Aujourd’hui ce type de culture a pratiquement disparu. Certaines parcelles ont été préservées à Xochimilco au sud de Mexico et sont inscrites depuis 1987 au patrimoine mondial de l’UNESCO.
Nous avons eu la chance de rencontrer 2 des rares agriculteurs qui cultivent encore les chinampas de manière traditionnelle en permaculture, sans engrais et sans pesticides.
Nous nous rendons dans un premier temps sur les chinampas de Yolcan où nous rencontrons Lucio, qui nous raconte comment depuis 2011, ils sont parvenus à réhabiliter des anciennes chinampas jusque là abandonnées.
Leur technique d’agriculture est assez proche de celle utilisée par les Aztèques. Ils vont puiser la boue très riche en nutriment directement au fond des canaux pour y faire leurs semis. Cette terre noire est découpée en quadrillage, puis à l’aide du doigt ils mettent une graine dans chaque cube de terre.
La plante peut ainsi être repiquée en restant dans son substrat fertile. Les sols sont évidemment paillés pour éviter l’évaporation et l’érosion. Afin de bénéficier d’une eau exempte de germes pour arroser les cultures, Yolcan a mis en place des biofiltres à l’entrée des canaux et un système de pompes alimentées par des panneaux solaires. Un mélange de tradition et modernité réussi !
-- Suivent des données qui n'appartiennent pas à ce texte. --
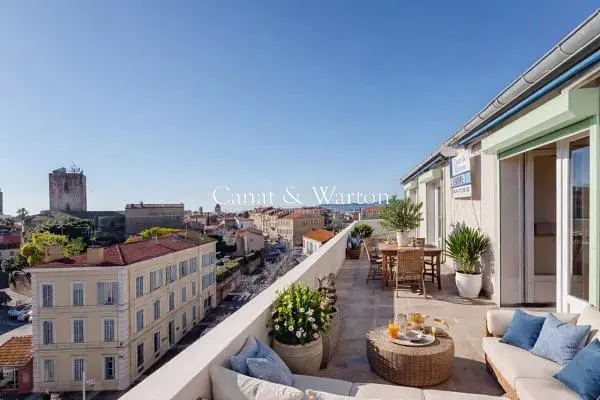 Salon; parquet, lumière naturelle, style moderne, hauteur sous plafond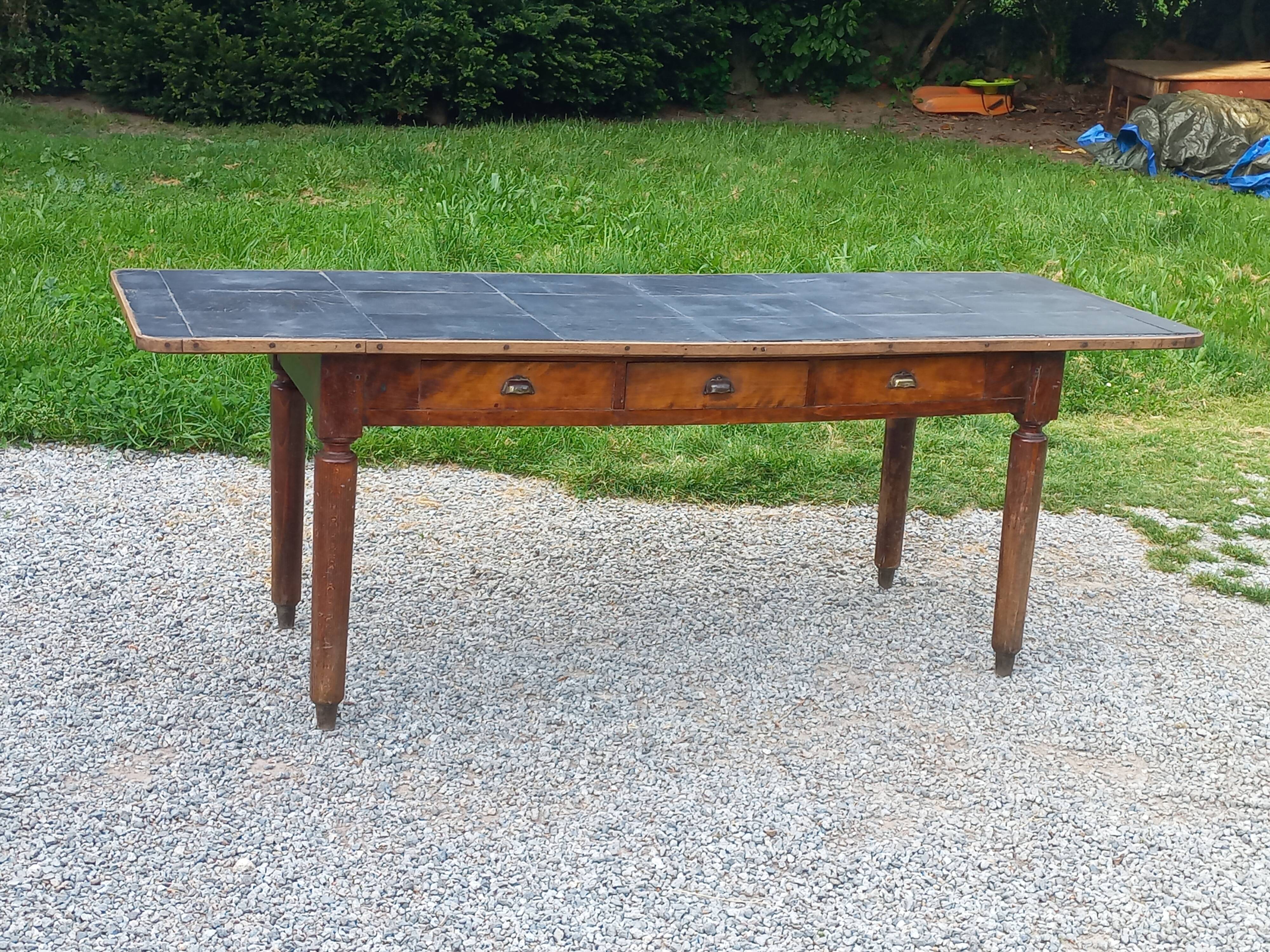 Farmhouse table, late 19th/early 20th century, 6 drawers, slate top 2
Yolcan livre des paniers de légumes au centre ville de Mexico, aux particuliers avec des abonnements mensuels ainsi qu’aux restaurants chics de la ville. Le système des AMAP n’existe pas vraiment au Mexique. C’est encore une pratique novatrice ici de créer cet engagement direct entre le producteur et le consommateur. Plusieurs restaurants ont choisi de faire confiance à Yolcan pour pouvoir cuisiner des produits frais, de saison et bio. Certains sont aussi devenus des points de livraison des paniers légumes.
Nous avons ainsi rencontré Joaquin Cardoso, un grand chef mexicain qui a étudié la cuisine en France et qui s’approvisionne chez Yolcan. Il nous parle du goût unique des betteraves des chinampas, beaucoup plus douces que les betteraves classiques. On en profite pour goûter son dessert exceptionnel de bananes rôties accompagnées d’une glace de fleurs de cacao. Un régal !
La seconde personne que nous rencontrons s’appelle Claudia. C’est une des rares femmes agricultrices sur les Chinampas. Elle est originaire de Xochimilco et a passé son enfance ici. Ses grands parents avaient eux-mêmes des Chinampas, mais le travail de la terre s’est arrêté à la génération de ses parents. Après avoir passé 10 ans au Sud du Mexique au Chiapas, elle décide de rentrer dans sa ville d’origine et de reprendre une chinampa abandonnée. Tout en nous amenant en barque sur sa parcelle, elle nous parle de son plaisir de travailler dans ce lieu magique et de l’importance pour elle de conserver ce patrimoine en y cultivant des légumes bios et savoureux.
On est toujours admiratifs face au travail des agriculteurs. Un métier noble et courageux qui répond au besoin essentiel de chacun de se nourrir au quotidien.
Nous terminons notre séjour à Mexico par une conférence donnée à l’Alliance Française, l’occasion de partager nos premières expériences dans ce long voyage au cœur de l’alimentation durable.
A très vite pour de nouvelles découvertes !
Sylvain et Kalima
1 Comment
Frédéric Leurent · 13 février 2019 at 9 h 15 min
Miracle : je reçois enfin les alertes sur l’arrivée d’un nouveau « reportage » WORLDFOODORAMA. J’ai rattrapé mon retard et dévoré les 3. Merci pour ces belles photos et aussi vos commentaires particulièrement instructifs. Les photos du Mexique sont très belles, mais j’ai vraiment ri à voir vos têtes, semblant un peu perdues en pleine nuit avec vos vélos au milieu de ces grandes tours californiennes hyper éclairées. Les US nous font toujours un peu peur avec leur gigantisme et leur mentalité de prédateur du monde, mais on doit aussi avouer qu’ils sont souvent à la pointe de l’innovation : vous le démontrez par exemple sur le plan de l’agriculture. Bravo pour tout ce que vous nous faites partager. Bon courage et vivement le prochaine reportage.